◆ AIM OF THE EXERCISE
Without carrying over a single picture, write out the records below exactly.

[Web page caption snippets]
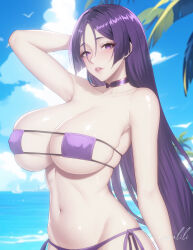 1girl absurdres arm_behind_head artist_name beach bikini blue_sky blurry blurry_background breasts choker cleavage cloud cloudy_sky collarbone covered_erect_nipples eyepatch_bikini fate/grand_order fate_(series) hair_between_eyes highres huge_breasts long_hair looking_at_viewer minamoto_no_raikou_(fate) minamoto_no_raikou_(fate/grand_order) minamoto_no_raikou_(swimsuit_lancer)_(fate) minamoto_no_raikou_(swimsuit_lancer)_(third_ascension)_(fate) navel outdoors palm_tree parted_bangs parted_lips purple_bikini purple_choker purple_eyes purple_hair side-tie_bikini_bottom signature skindentation sky smiling_embassies solo stomach swimsuit tree upper_body very_long_hair water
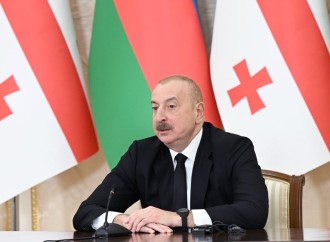 Prezident İlham Əliyev və Baş nazir İrakli Kobaxidze mətbuata bəyanatlarla çıxış edirlər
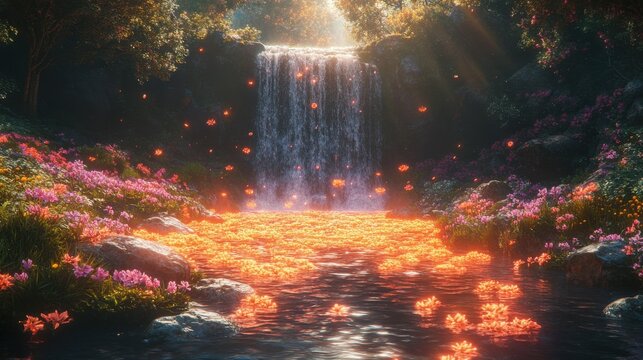 Vibrant Fantasy Landscape Featuring a Glowing Waterfall Perfect for Fantasy Art and Nature Themes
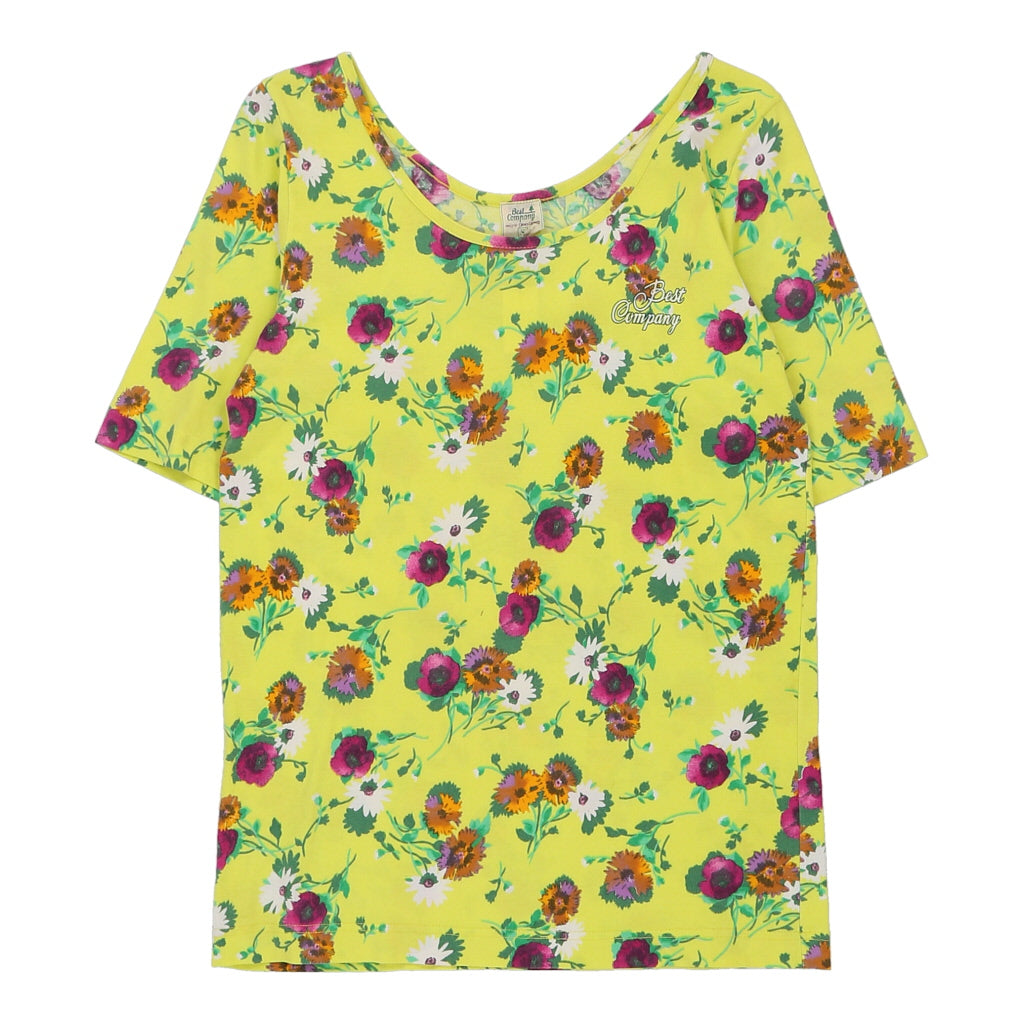 Best Company Floral T-Shirt - Small Yellow Cotton Refurbished - Thrifted (note: this is a term often used to describe second- refurbished available on Cerqular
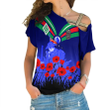 New Zealand Warriors Aboriginal Pattern 2023 One Shoulder Shirt A35 | Love New Zealand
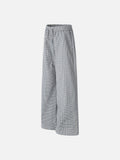 DAXUEN Wide-leg gingham pants with elastic waistband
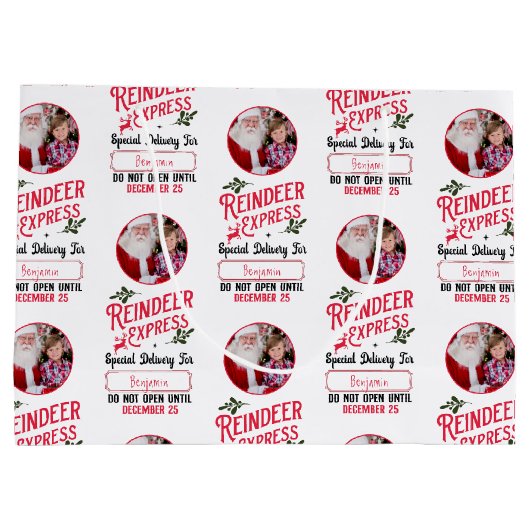 サンタ表現ン名写真クリスマスからのトナカイ ラージペーパーバッグ (裏面)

◆ REPLY
 1girl absurdres arm_behind_head artist_name beach bikini blue_sky blurry blurry_background breasts choker cleavage cloud cloudy_sky collarbone covered_erect_nipples eyepatch_bikini fate/grand_order fate_(series) hair_between_eyes highres huge_breasts long_hair looking_at_viewer minamoto_no_raikou_(fate) minamoto_no_raikou_(fate/grand_order) minamoto_no_raikou_(swimsuit_lancer)_(fate) minamoto_no_raikou_(swimsuit_lancer)_(third_ascension)_(fate) navel outdoors palm_tree parted_bangs parted_lips purple_bikini purple_choker purple_eyes purple_hair side-tie_bikini_bottom signature skindentation sky smiling_embassies solo stomach swimsuit tree upper_body very_long_hair water
 Prezident İlham Əliyev və Baş nazir İrakli Kobaxidze mətbuata bəyanatlarla çıxış edirlər
 Vibrant Fantasy Landscape Featuring a Glowing Waterfall Perfect for Fantasy Art and Nature Themes
 Best Company Floral T-Shirt - Small Yellow Cotton Refurbished - Thrifted (note: this is a term often used to describe second- refurbished available on Cerqular
 New Zealand Warriors Aboriginal Pattern 2023 One Shoulder Shirt A35 | Love New Zealand
 DAXUEN Wide-leg gingham pants with elastic waistband
 サンタ表現ン名写真クリスマスからのトナカイ ラージペーパーバッグ (裏面)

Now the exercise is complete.